Путь слез, как тихий ручеек
Из розы дивной лепестков;
Моя печаль из ран течет
Небес забытых и снегов.
[Дебют]«Я ХОТЕЛ УБЕЖАТЬ ПРОВОРНО»
Переводы стихов Дилана Томаса
Когда-то цветом строчек старый стол
Заляпан был (в окне виднелось поле
и неприглядный холм, через него я к школе,
заплатами от игр сверкая, утром брел),
Вот только гладь морскую строк я должен сморщить;
Они премило гибнут, и рассвет убьет их.
Когда-то мы свистели с ребятами сквозь парк,
А ночью в холод и в любовников-кукушек
(в их гнездах листвяных) пуляли камни,
Деревьев тени были точно слов оттенки,
И лампы молний бродягам разрывали мрак;
Здесь строчкам прежним нет места больше.
Как камень рука бросает новый стих.
Once It Was the Colour of Saying.
Once it was the colour of saying
Soaked my table the uglier side of a hill
With a capsized field where a school sat still
And a black and white patch of girls grew playing;
The gentle seaslides of saying I must undo
That all the charmingly drowned arise to cockcrow and kill.
When I whistled with mitching boys through a reservoir park
Where at night we stoned the cold and cuckoo
Lovers in the dirt of their leafy beds,
The shade of their trees was a word of many shades
And a lamp of lightning for the poor in the dark;
Now my saying shall be my undoing,
And every stone I wind off like a reel.
Записи, касающиеся поэтического искусства.

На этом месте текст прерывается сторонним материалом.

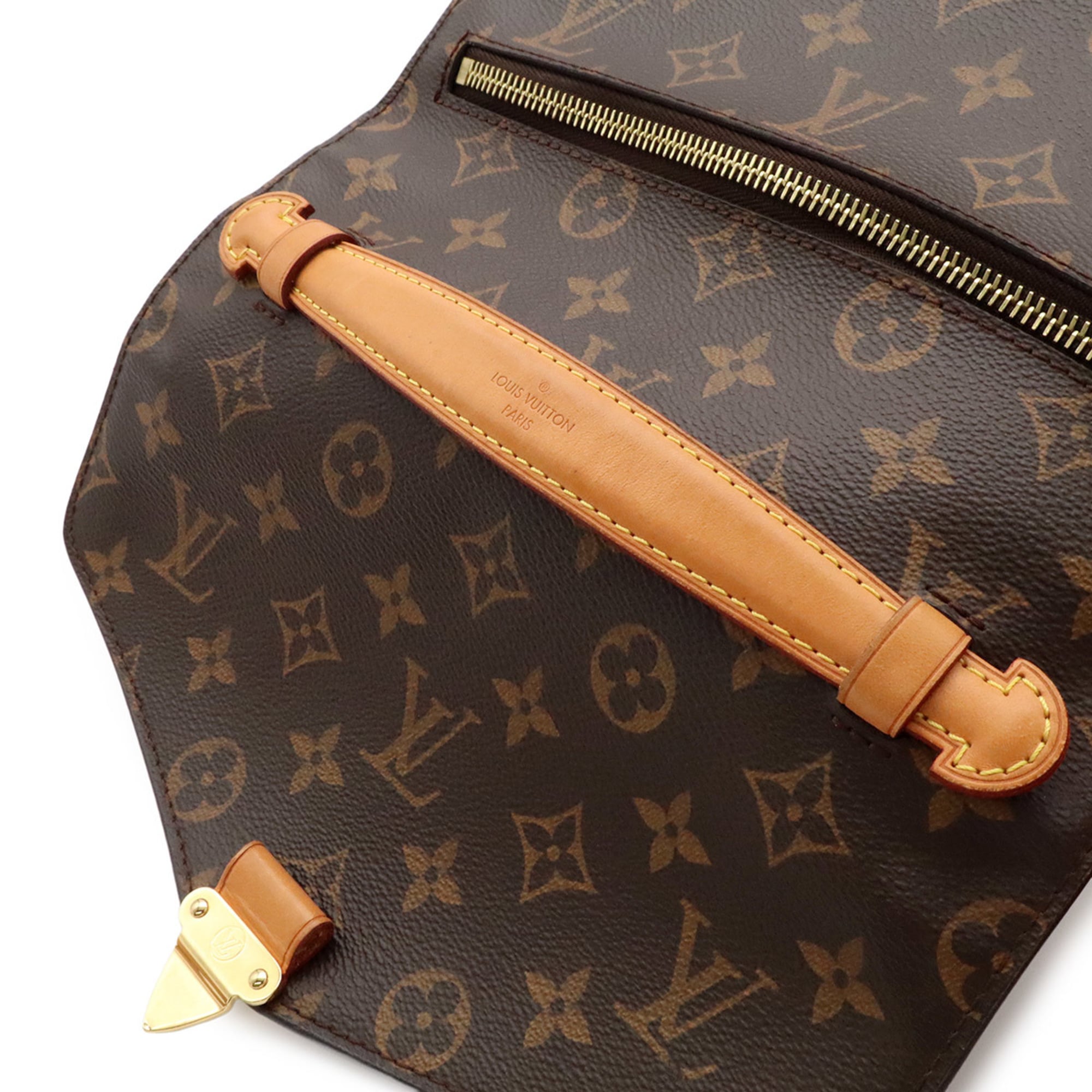 Louis Vuitton Brown Monogram Monogram Clutch Bag Handbag Pochette Shoulder Bag (Pre-Owned)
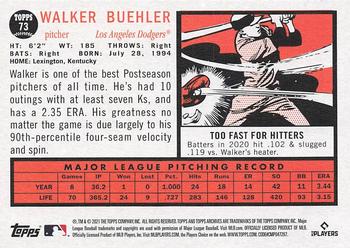 2021 Topps Archives #73 Walker Buehler Back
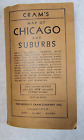 Cram Map - Chicago Suburbs Rare Folding Pocket Map Vintage 43.5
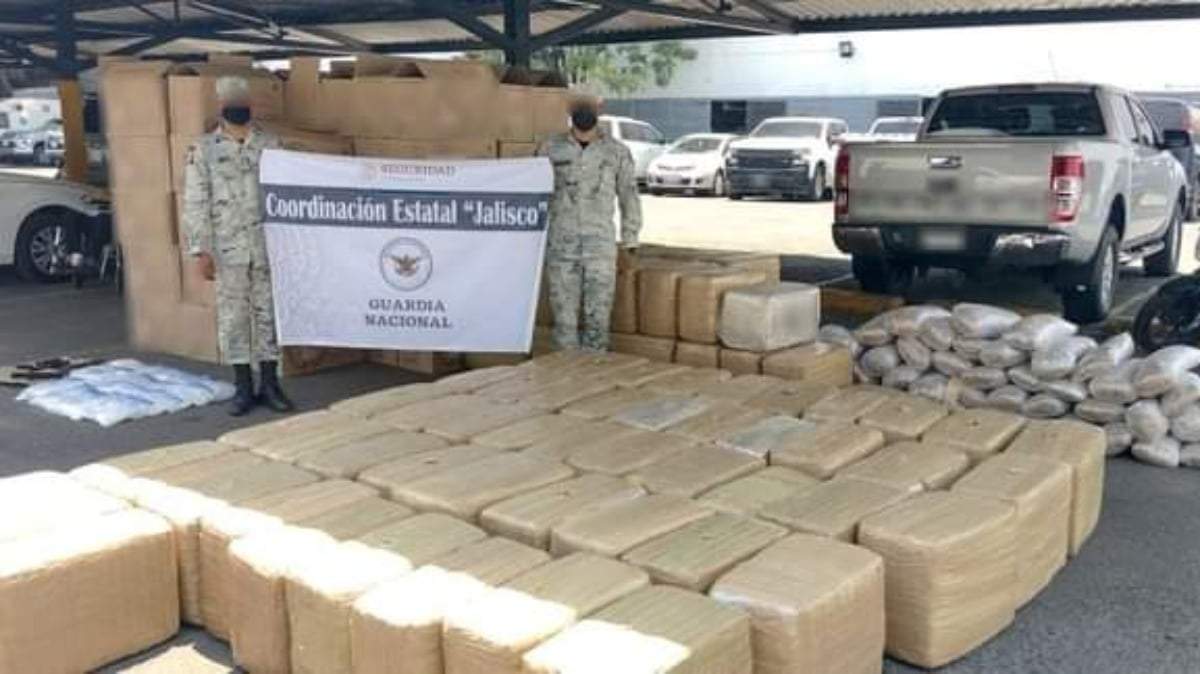 La droga decomisada por la Guardia Nacional en Ocotlán
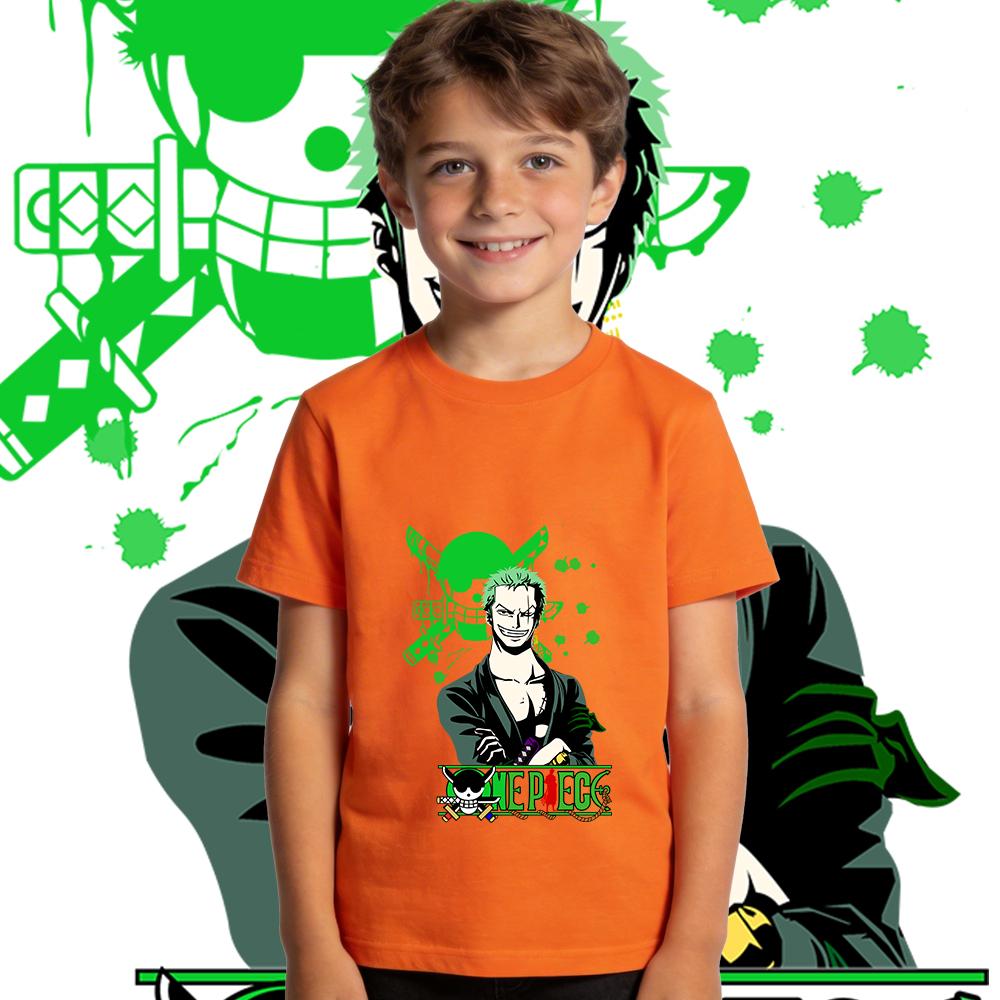 One Piece Zoro Anime Print Boys Girls Cotton T Shirt Casual Summer Short Sleeve Kids Tops Soft Breathable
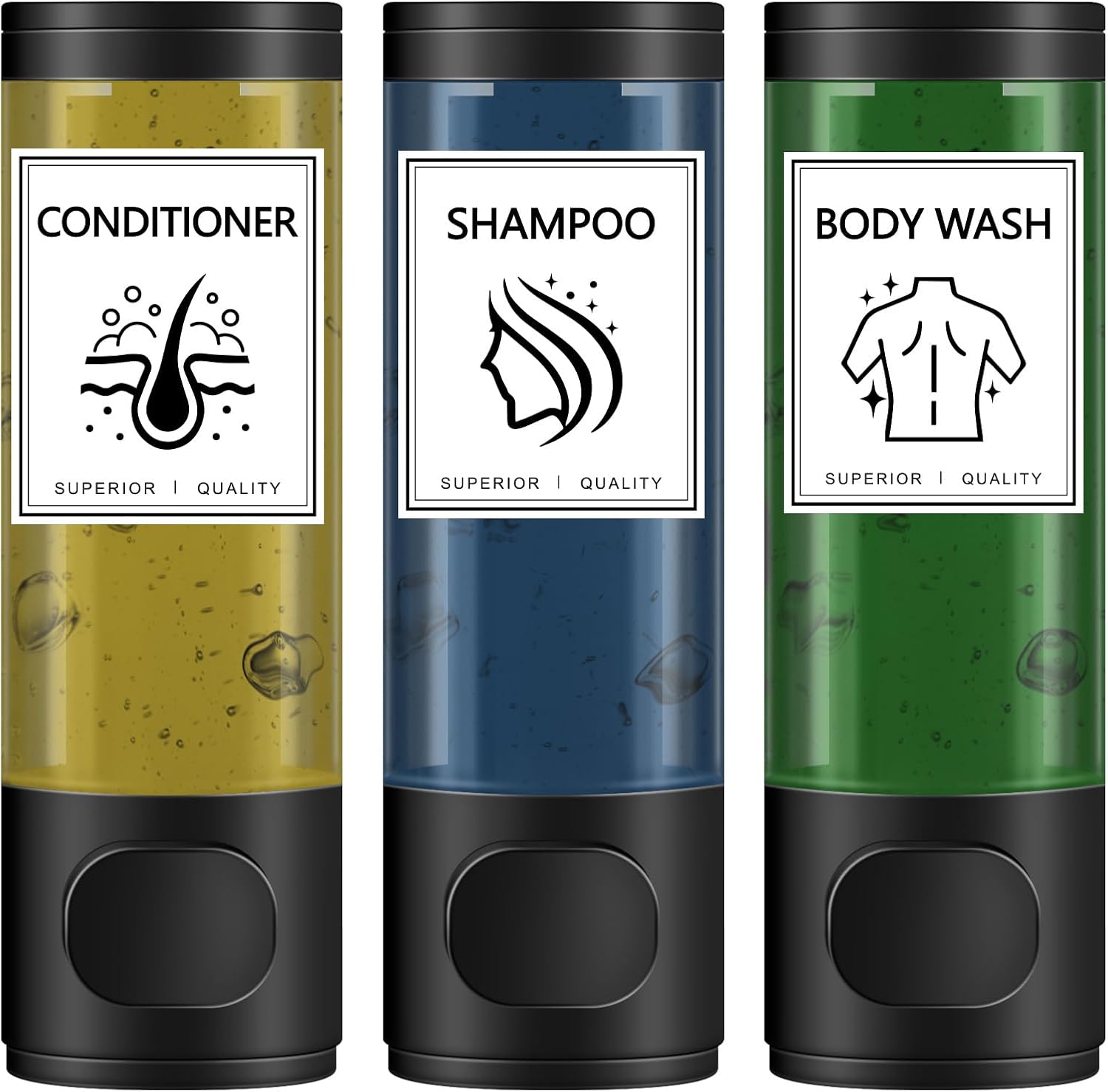Volufia 3 Chamber Shower Dispenser - Easy Installation, 900ML Capacity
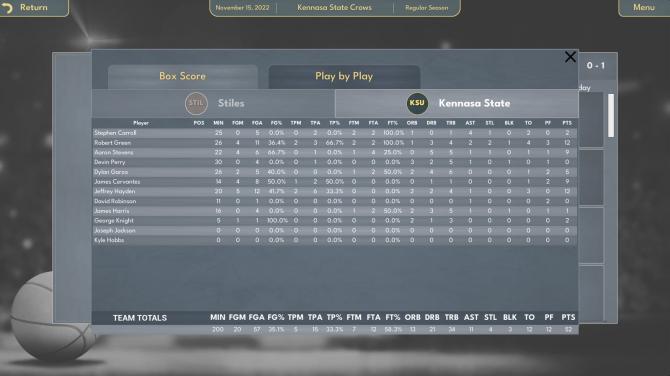 College Basketball Manager 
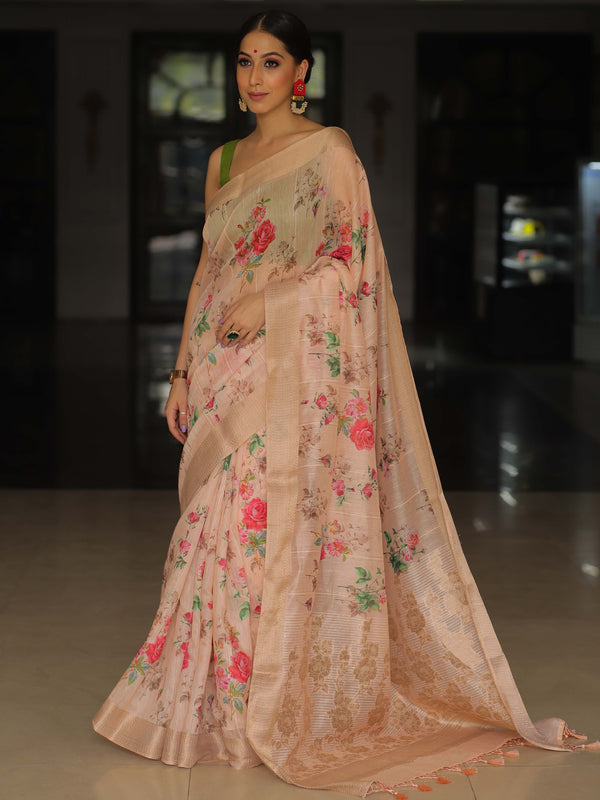 Banarasee Linen Cotton Digital Print Antique Zari Saree-Peach
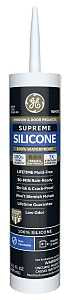 GE Supreme Silicone 2814819 Window & Door Sealant, White, 24 hr Curing, 10.1 fl-oz Cartridge, Pack of 12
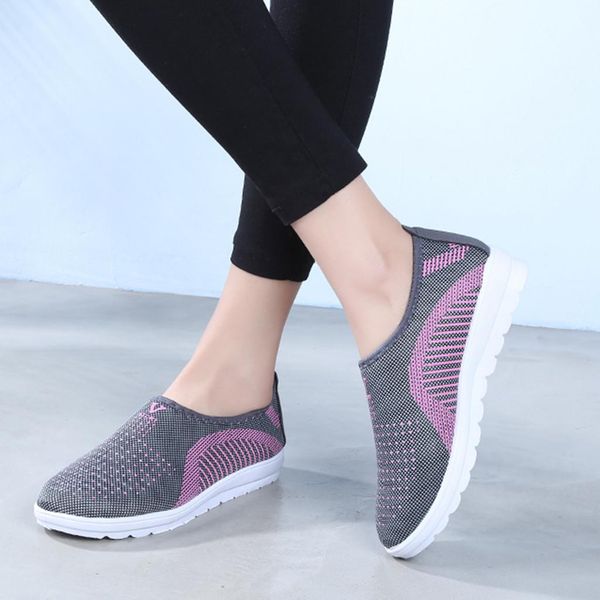 

женские сетки плоские туфли с cotton casual прогулки нашивки кроссовки мокасины мягкая обувь 2019 весна новый поскользнуться на flat, Black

Я и мечтать не смел о том, чтоб жизнь вести
в мирах покрытых переплетом книг,
среди песчаных бурь и строк из льда,
пространств, которые колышет смех,
и ослепляет нестерпимый свет,
и плещет ярко он поверх страниц,
как блики от бесчисленных частиц,
и все они — слова, слова, слова,
и будет живо каждое всегда
восторгом, славой, чудом и сияньем.
Notes On The Art Of Poetry.
I could never have dreamt that there were such goings-on
in the world between the covers of books,
such sandstorms and ice blasts of words,,,
such staggering peace, such enormous laughter,
such and so many blinding bright lights,, ,
splashing all over the pages
in a million bits and pieces
all of which were words, words, words,
and each of which were alive forever
in its own delight and glory and oddity and light.
О, Маска Где
О, маска где и стена, чтобы укрыться мог
От острых, эмалевых глаз-шпионов в очках?
Скрытно бушует ярость в тихих садах лица.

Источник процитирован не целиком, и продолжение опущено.